In a prior post, I wrote about a criminal trade secrets theft case in which spoliation in related civil litigation was charged as obstruction of justice. I noted that “[t]he prospect of criminal charges for spoliation in civil litigation raises the stakes for civil litigants, particularly where a parallel criminal investigation is a possibility . . . .” Last week, this scenario arose again, as it was announced that Halliburton will plead guilty to a criminal offense based on ESI spoliation that appears to have first arisen in the massive civil litigation over the Deepwater Horizon disaster.
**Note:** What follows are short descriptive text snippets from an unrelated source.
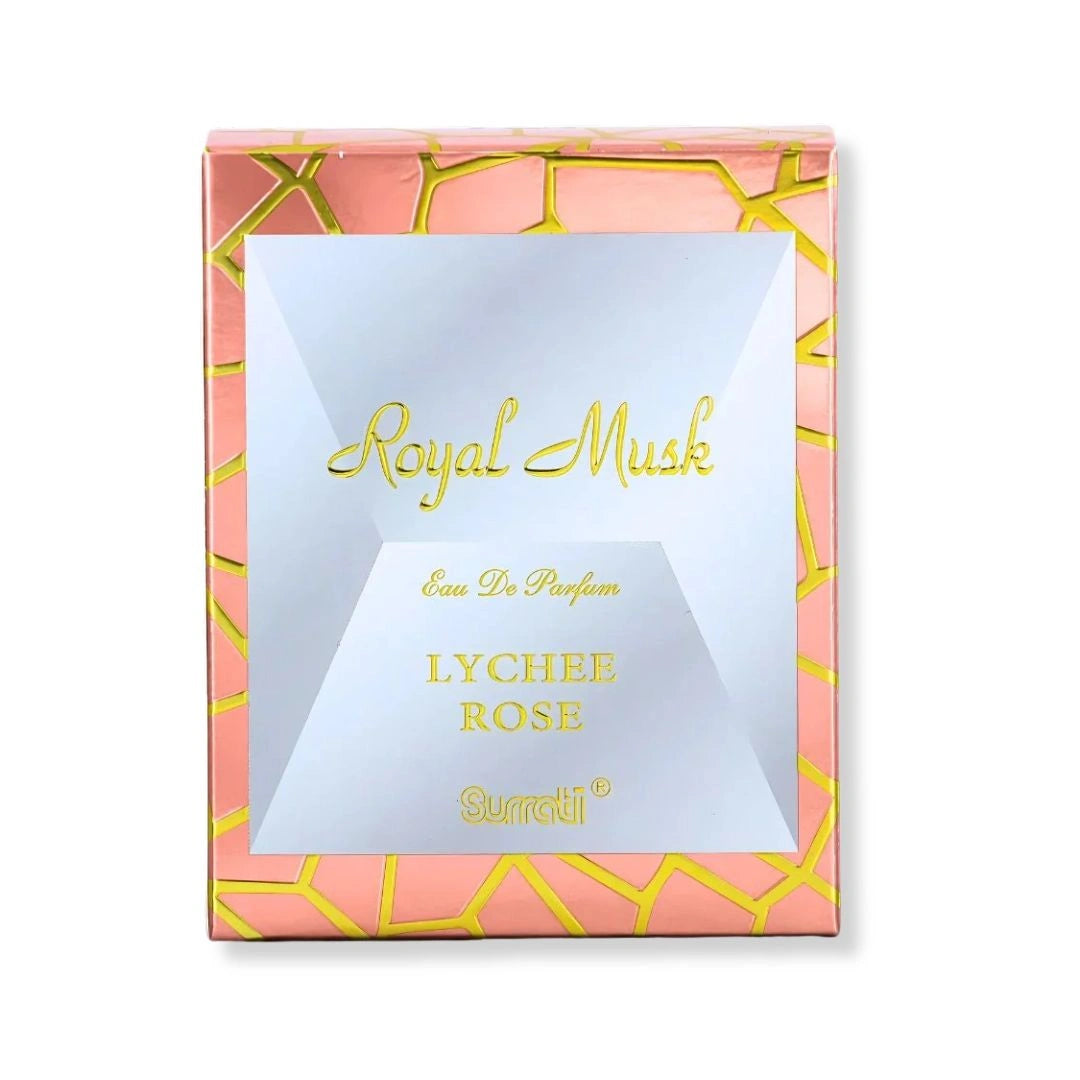 Royal Musk Lychee Rose perfume box by Surrati, luxury Arabian fragrance packaging with gold and peach design  - Shopeezy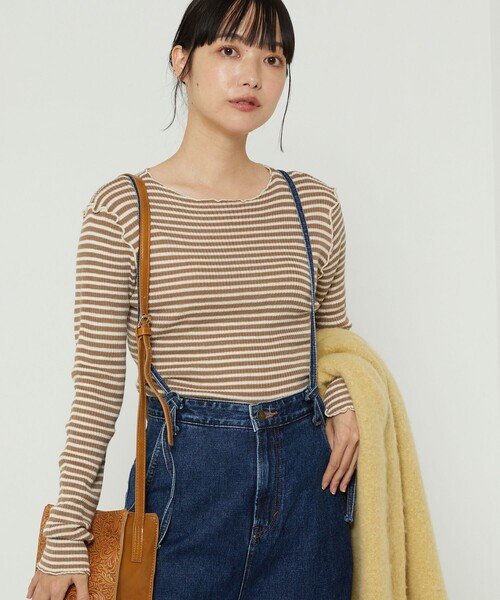 FREAK'S STORE（フリークスストア）の「ウォッシャブルメローリブボートネックニット（ニット/セーター・レディース・ホワイト/グレー/ナチュラル/オフホワイト/チャコールグレー/ブラック/ネイビー/ベージュ/レンガ/サックスブルー・ﾌﾘ-）」の6枚目の写真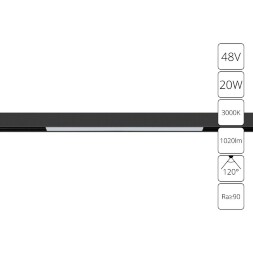 A4673PL-1BK Трековый магнитный светодиодный светильник Arte Lamp Linea 2.0 CRI90+ 3000К 1020Лм 120° 20Вт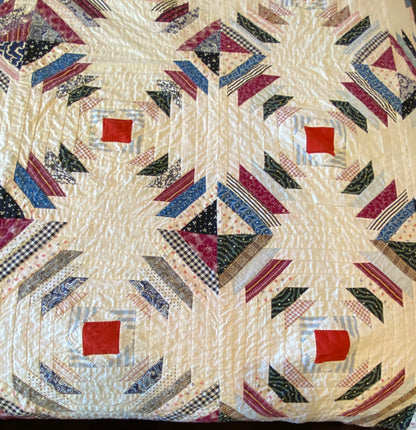 Pineapple Log Cabin Summer Quilt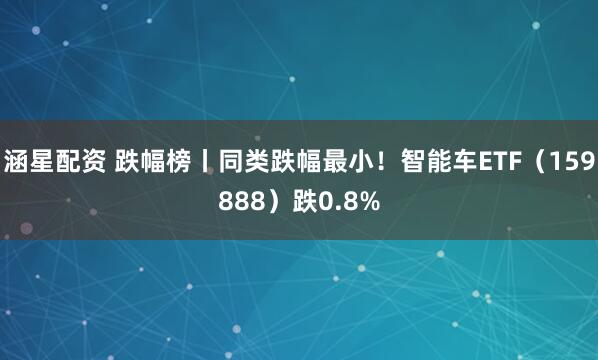 涵星配资 跌幅榜丨同类跌幅最小！智能车ETF（159888）跌0.8%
According to the Information and Plea Agreement, following the Deepwater Horizon oil spill, Halliburton employees used a proprietary 3D modeling program to examine aspects of the drilling equipment on two occasions. On both occasions, the employees were told to delete the resulting data and reluctantly did so. Halliburton was a contractor to BP, and these events seem to have been uncovered by BP in the ensuing civil litigation when it became apparent from Halliburton emails that the 3D modeling data once existed but had not been produced. Resolution of this spoliation issue in the civil litigation is still pending. In the meantime, however, the spoliation became the basis for a criminal charge against Halliburton in the parallel criminal investigation by the Department of Justice.
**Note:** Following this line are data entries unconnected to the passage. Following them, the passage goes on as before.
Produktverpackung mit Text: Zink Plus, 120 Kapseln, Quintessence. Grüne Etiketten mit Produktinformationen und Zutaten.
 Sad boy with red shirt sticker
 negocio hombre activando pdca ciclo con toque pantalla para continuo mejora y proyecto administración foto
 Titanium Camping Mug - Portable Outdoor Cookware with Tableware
In an interesting twist, however, Halliburton will not be pleading guilty to obstruction of justice, which is a felony under federal law. Instead, Halliburton will plead guilty to a misdemeanor violation of the Computer Fraud and Abuse Act (“CFAA”). That seems an odd choice, because the core of prohibited conduct under the CFAA is “unauthorized access” of someone else’s computer. But because there is no such thing as a federal obstruction-of-justice misdemeanor and the parties presumably agreed that a felony charge was not merited, the government and Halliburton apparently had to get creative. The result was a criminal charge based on a subsection of the CFAA that prohibits “knowing transmission of a program, information, code, or command, and as a result of such conduct, intentionally caus[ing] damage without authorization, to a protected computer.” In other words, a statute aimed at malicious hackers was applied to the intentional deletion of the 3D modeling results by Halliburton employees. It is unclear how deleting data on one’s own computer constitutes “damage without authorization,” but the apparent hook is that authorization was lacking because the employees were under instructions to preserve materials related to the Deepwater Horizon disaster.
It is worth noting that this is part of a much larger picture, as the plea agreement absolves Halliburton of any further criminal liability in conjunction with the Deepwater Horizon disaster. And while the fine imposed for the deletion of evidence is relatively modest – the maximum CFAA fine of $200,000 – the plea agreement acknowledges that Halliburton is also making a voluntary donation of $55 million to the National Fish and Wildlife Foundation. One can’t help but wonder how that figure was determined, and whether it would have been lower absent Halliburton’s spoliation problem.